■ TASK GOAL ■
After finding the line with "If you'd like" in the data below, set down exactly each line through the one with "I will now give", inclusive, and stop there.

■ MATERIAL SHOWN ■
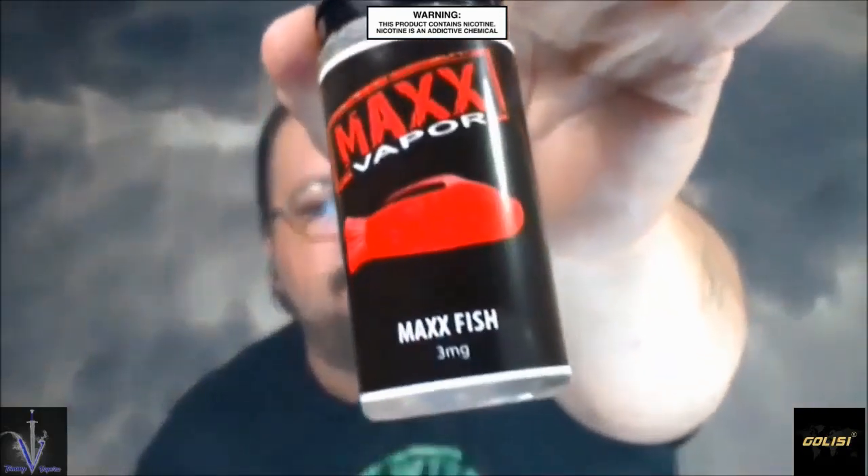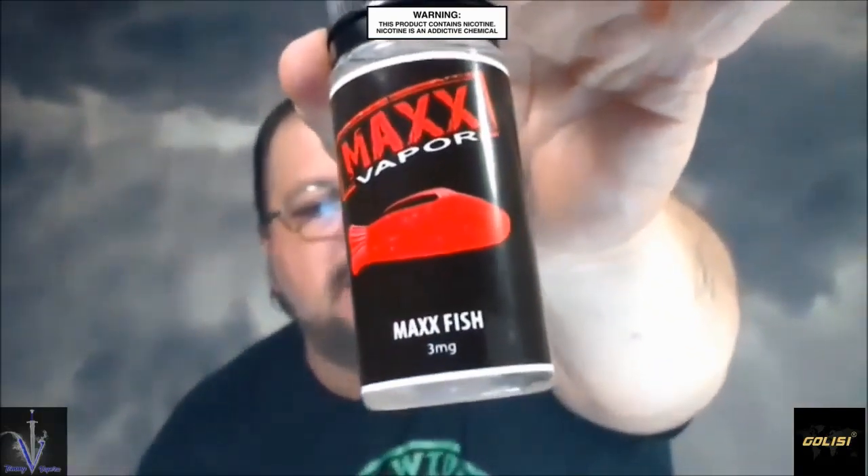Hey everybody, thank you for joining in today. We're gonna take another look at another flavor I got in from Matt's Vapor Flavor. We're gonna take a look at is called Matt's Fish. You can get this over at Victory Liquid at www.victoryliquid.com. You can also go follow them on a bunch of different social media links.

* * *

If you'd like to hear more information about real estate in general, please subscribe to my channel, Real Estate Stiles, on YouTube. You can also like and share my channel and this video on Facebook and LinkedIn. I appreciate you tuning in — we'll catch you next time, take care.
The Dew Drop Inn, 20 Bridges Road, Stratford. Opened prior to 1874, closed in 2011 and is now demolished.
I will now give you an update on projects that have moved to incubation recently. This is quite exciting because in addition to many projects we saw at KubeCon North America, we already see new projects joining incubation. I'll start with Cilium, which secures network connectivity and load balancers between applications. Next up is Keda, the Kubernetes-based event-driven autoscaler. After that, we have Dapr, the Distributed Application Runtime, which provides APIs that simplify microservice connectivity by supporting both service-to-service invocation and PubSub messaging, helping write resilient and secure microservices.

==

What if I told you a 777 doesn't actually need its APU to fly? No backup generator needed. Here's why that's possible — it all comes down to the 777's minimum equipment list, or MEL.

■ RESULT OF THIS TASK ■
If you'd like to hear more information about real estate in general, please subscribe to my channel, Real Estate Stiles, on YouTube. You can also like and share my channel and this video on Facebook and LinkedIn. I appreciate you tuning in — we'll catch you next time, take care.
The Dew Drop Inn, 20 Bridges Road, Stratford. Opened prior to 1874, closed in 2011 and is now demolished.
I will now give you an update on projects that have moved to incubation recently. This is quite exciting because in addition to many projects we saw at KubeCon North America, we already see new projects joining incubation. I'll start with Cilium, which secures network connectivity and load balancers between applications. Next up is Keda, the Kubernetes-based event-driven autoscaler. After that, we have Dapr, the Distributed Application Runtime, which provides APIs that simplify microservice connectivity by supporting both service-to-service invocation and PubSub messaging, helping write resilient and secure microservices.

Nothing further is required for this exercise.